ACTE II
Scène I
Avant que les rideaux ne s'ouvrent.
Narrateur :
Nous sommes en 1968, Pierre, (le fils
d'yvette et Antoine), lui, se croit toujours dans sa ferme. Il a épousé Françoise une mère célibataire. Ils vivent dans un appartement à Paris avec leurs deux enfants, (Paulette et Bruno). Quant à Juliette elle est
restée pour s'occuper de ses grands-parents, et c'est avec soulagement qu'elle a trouvé un mari, un garçon du pays, le fils Cogner. Pauvre Juliette elle ne verra sans doute jamais Paris. Attendez, peut-être que si,
pendant la foire agricole.
LES RIDEAUX S'OUVRENT
Paulette et Bruno dansent. Pierre entre en scène, les cheveux hirsutes, la chemise sortie du pantalon, il éteint la radio.
PIERRE : C'est un
paysan, il est déjà à moitié estourbi par l’alcool, il gueule sur Françoise sans aucune raison, il lui parle très près du visage, prêt à lui mettre un coup, il grimace, son visage est déformé par la haine.

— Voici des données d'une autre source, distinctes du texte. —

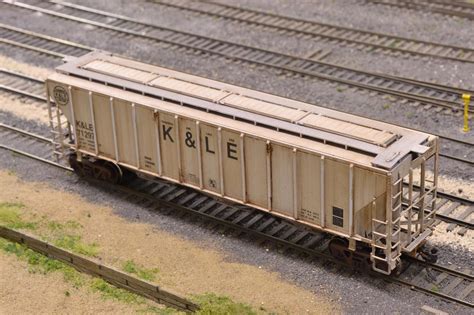 Chesapeake, Wheeling and Erie Railroad: Some Covered Hopper Cars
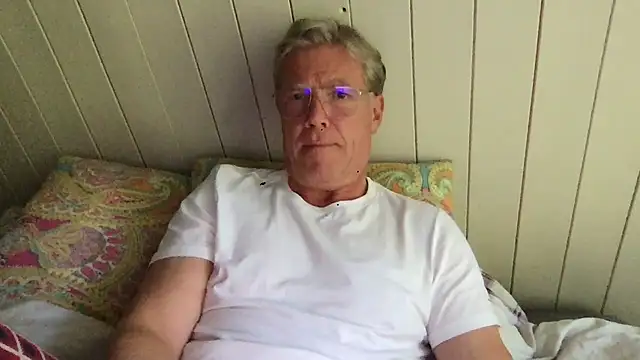 Snapshot of abibull chatting on 06/22/26, 01:41 abibull online show from 06/22/26, 01:41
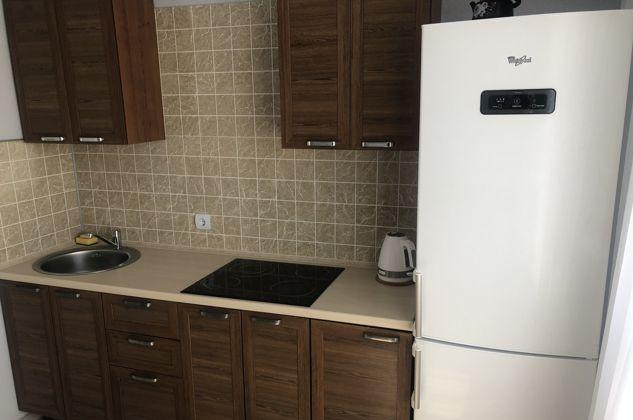 Продажа 1-комнатной квартиры, Краснодар, улица Лётчика Позднякова,  2к2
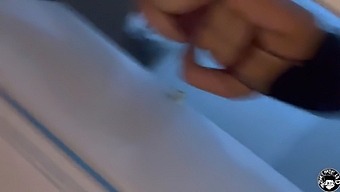 Η Μητριά Με Το Μεγάλο Στήθος Επιτρέπει Στη Lil' D Να Μπει Ενώ Ο Πατέρας Της Είναι Στη Δουλειά (Μέρος 1)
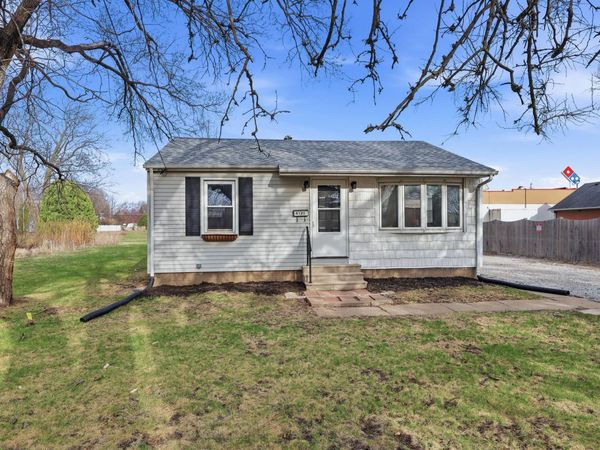 4120 4th Street , East Moline, IL 61244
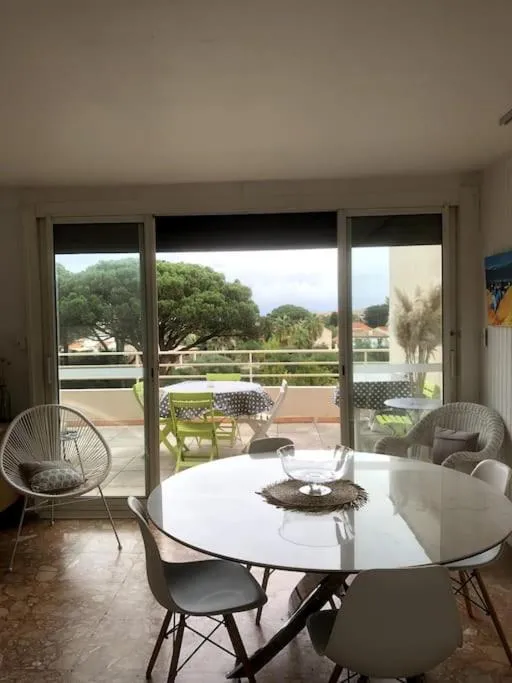 Image 5 of Brise Tropézienne : Vue Mer / 2 chambres / Parking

PIERRE-C’est quoi c’bordel ! Et toi, tu dis rien ?
FRANCOISE-Qu’est-ce que tu veux que j’dise ?
PIERRE-Bah ! Rien, bien sûr, tu n' leur dis jamais rien, t’es tellement conne ! Qu’est-ce que t’as fait à bouffer ?
FRANCOISE-Des frites et du jambon.
PIERRE-J’espère que c’est pas du surgelé, tes frites.
FRANCOISE-J’n’avais pas le temps ce matin, et puis c’est tout c’qui restait dans
L'fraiseur, j’ai passé la matinée à repasser.
PIERRE-T’as passé la matinée à repasser ?
FRANCOISE-Avec les plis que j’dois faire à tes chemises, ça prend du temps.
PIERRE-Vas-y ! Dis qu' c’est d’ ma faute ! T’ai allé prendre le café chez la voisine, l’autre gouine.
FRANCOISE- Qu’est-ce que tu racontes, elle n’est pas gouine Giselle.
PIERRE-Tu la défend bien vite !
FRANCOISE-D’toutes façons, j’suis pas allée chez elle.
PIERRE-Menteuse ! On t’a vu !
FRANCOISE-Qui m’a vu ?
PIERRE-Qu’est-ce que tu crois, ils t’connaissent dans l'quartier, avec ton “ bâtard ”.
FRANCOISE-Tu l’savais quand ont s’est marié que j’étais enceinte.
PIERRE-Oui, j’étais bien con,
tu m’as fais pitié avec ton gros ventre. Quand j’t’ai connue, t’étais rien, j’ t’ai presque ramassé dans la rue ! Alors la moindre des choses, c’est de me faire la bouffe, c'est pas dur quand même !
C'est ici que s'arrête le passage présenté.